En la escala de nuestra experiencia diaria, el chiste encuentra algo de mérito, si optamos por practicar el ejercicio inútil de reducir “el presente” a su mínima expresión – algo que no solemos hacer, contentos con entender el momento actual de una manera más general e inclusiva. Sin embargo, si sometemos este concepto al análisis científico, es muy posible que terminemos dando la razón a Laplace cuando escribió en 1814 que “Podemos considerar el estado “presente” del universo como el efecto del pasado, y la causa del futuro”. Una definición que transita con el tiempo mismo, sin perder su significado. Pero no fallemos en notar – queridos lectores – las implicaciones más profundas de la frase. Un demonio se oculta en esas líneas.

En el mismo ensayo, Laplace lo expone claramente, afirmando que un intelecto que conozca en un cierto momento todas las fuerzas de la naturaleza, y la posición de todos los elementos de los que la naturaleza se compone, y pudiera analizar cada interacción, podría eliminar totalmente la incertidumbre, deduciendo todo el pasado y el futuro del universo a partir de su estado presente. No habría secretos en el tiempo para el llamado “Demonio de Laplace”, pues armado con el conocimiento de las leyes de la física y la posición de cada átomo, podría inferir todo lo que ha sucedido o alguna vez sucederá.

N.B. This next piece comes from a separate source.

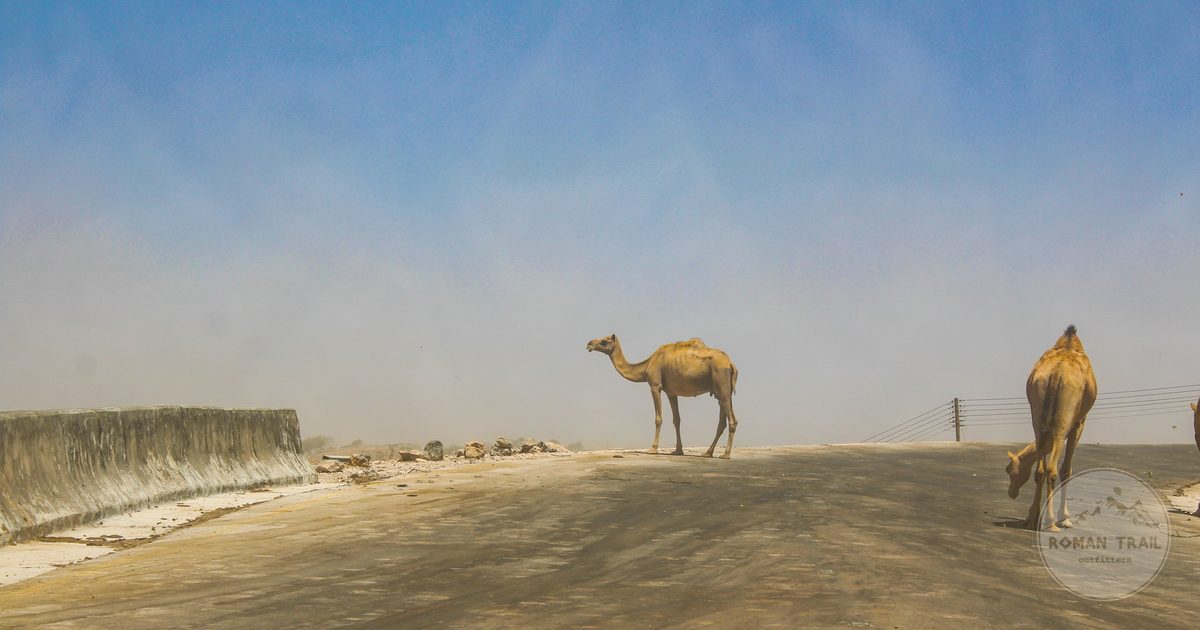 Camels crossing a road at Salalah, Oman, under a clear sky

Por supuesto, se ha calculado la imposibilidad física de esa entidad (se requeriría más energía de la que hay en todo el universo para procesar tanto conocimiento), pero teóricamente era concebible dentro del marco Newtoniano que manejaba Laplace, donde el “estado presente” era único y observable, en una cadena coherente de eventos sucesivos. Tal visión de nuestro mundo no sobreviviría el cambio de siglo, debido al descubrimiento de la arquitectura fundamental de la realidad: la mecánica cuántica.

En el mundo cuántico, las cosas nunca están en un sitio único, sino que son descritas por una onda matemática que nos indica todos los sitios en los que el objeto está (simultáneamente), y la probabilidad de observarlo en alguno específico. Finalizando la historia allí, el demonio de Laplace no tendría mayores problemas; simplemente, cada onda fluiría a la siguiente de manera consecutiva y él podría seguir sabiéndolo todo. Pero eso no es lo que observamos. La cosas no están “en todos lados”, sino en uno, cuando las percibimos. Por alguna razón que aún no entendemos, al ser observada la onda “colapsa” hacia un estado único – un “presente”. Tal colapso no es reversible, y vuelve imposible la labor de reconstruir el pasado inmediato con exactitud. Hace del pasado algo intrínsecamente distinto del futuro.

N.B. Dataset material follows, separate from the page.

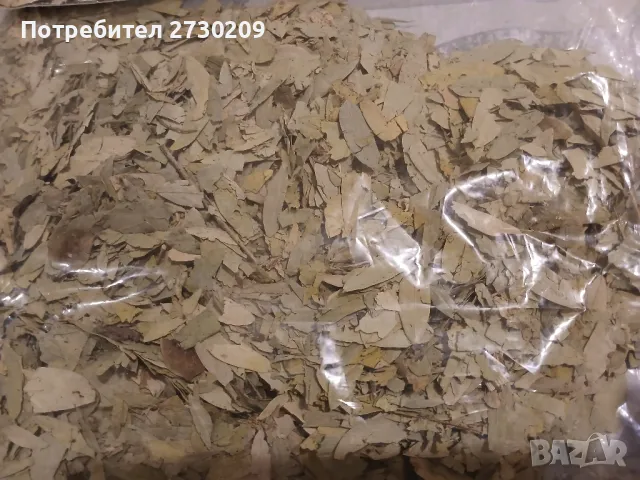 Чай Сена Майчин Лист от 200гр до 1000кг, снимка 7 - Други - 49164846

Al menos, eso nos dice la interpretación Copenhagen (la más aceptada) del problema de la observación cuántica, pero esa no es la única que existe. Una posibilidad que ha venido ganando popularidad recientemente es la de que en realidad no haya colapso de la onda por la observación, sino que la onda se adapte para incluir al observador. Así, todo sigue siendo una sola descripción, y el hecho de que observemos un único resultado se explica al afirmar que somos una de infinitas copias, cada quien en presencia de un resultado distinto, igualmente válido.

La pregunta, notaría Carlin, solo se justifica más ante este análisis: ¿qué hora es? – pues depende, ¿en qué universo quieres saber?